What happened

The results are in and Netflix (NFLX -0.20%) is a winner.

Shares of the original streaming stock tacked on 6.9% through 11:20 a.m. ET after the company missed analyst predictions for earnings last night, but met revenue expectations and delivered more subscribers than expected -- 231 million as of the end of the year. For the fourth quarter of 2022, Netflix earned only $0.12 per share instead of the expected $0.45, while revenue was $7.85 billion.

Also, Reed Hastings is retiring from his job as CEO to become simply executive chairman. (Ted Sarandos and Greg Peters will be co-CEOs from here on out.)

So what

Netflix may have missed analyst forecasts for Q4, but management was still pleased as punch with itself, noting that "Q4 '22 revenue, operating profit and membership growth exceeded our forecast" -- not that said forecast was particularly aggressive.  

As it turned out, sales grew less than 2% year over year in Q4, the company's operating profit margin slipped to just 7%, and per-share profits plunged 91%. On the plus side, Netflix generated $332 million in positive free cash flow (FCF) for the quarter, versus $569 million in negative free cash flow a year ago.

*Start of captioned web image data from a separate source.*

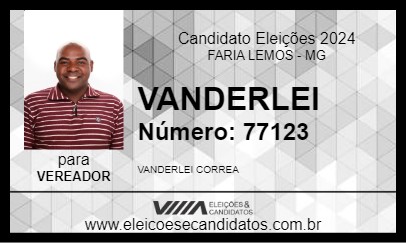 Candidato VANDERLEI 2024 - FARIA LEMOS - Eleições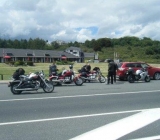 Road side stop on return leg of tour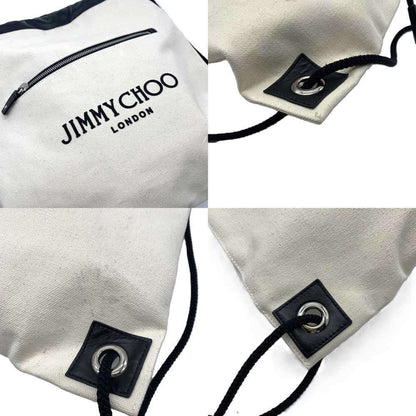 Jimmy Choo Canvas Black Backpacks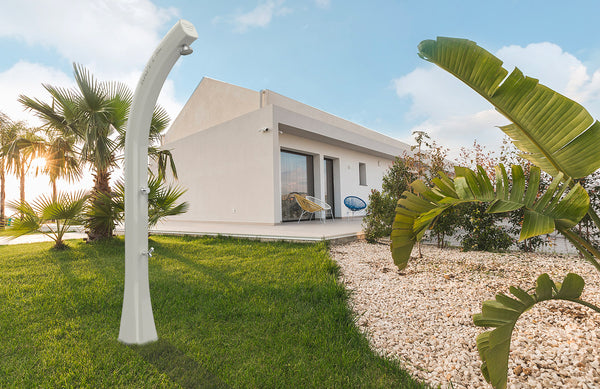 online Doccia Solare da Giardino 35L Miscelatore e Lavapiedi Arkema Happy XL Blu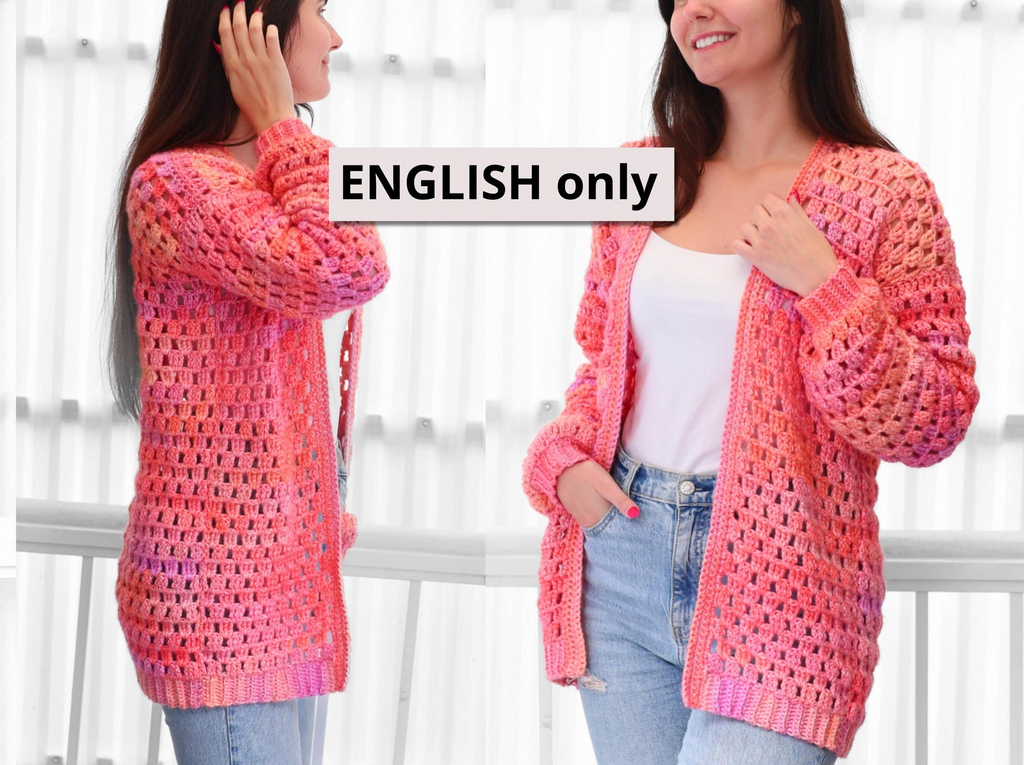 Eloise Crochet Cardigan Pattern - Effortless Style for Every Occasion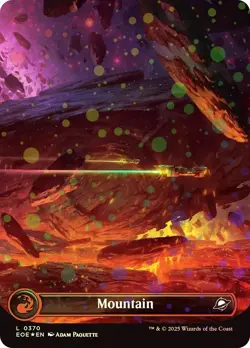 Mountain (0370) (Borderless) (Galaxy Foil) Foil L Edge of Eternities 370 NM - Image 1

For all of 2022, Netflix collected $31.6 billion in revenue -- up 6% from 2021. Operating profit margin for the year was 17.8% -- down 310 basis points from 2021. Earnings per share declined 11% to $9.95. But again, free cash flowed strongly. Netflix generated positive free cash flow of $1.6 billion in 2022, versus about $132 million in negative free cash flow in 2021.

Now what

And Netflix plans to report more good news in the new year.

Initially, the improvements should be modest -- just 4% revenue growth and a few more subscriber additions in the first quarter of 2023. Long-term, however, Netflix still aims to return to double-digit revenue growth, get its operating profit margin growing again, and thus grow its free cash flow. Indeed, for the full year 2023, management is targeting $3 billion in positive free cash flow -- or more -- which implies a one-year growth rate approaching 100%.

What does this mean for investors? Short-term, things seem to be going pretty well. But assuming Netflix hits its target, at $150 billion in market capitalization, the stock will still be valued at about 50 times free cash flow. That's not exactly cheap. It wouldn't be cheap even if Netflix merely resumes growing in the double-digit-percentage range.

But for folks thinking Netflix can maintain anywhere near the 100% FCF growth rate it is promising for 2023 -- long term -- Netflix stock may finally be looking attractive again.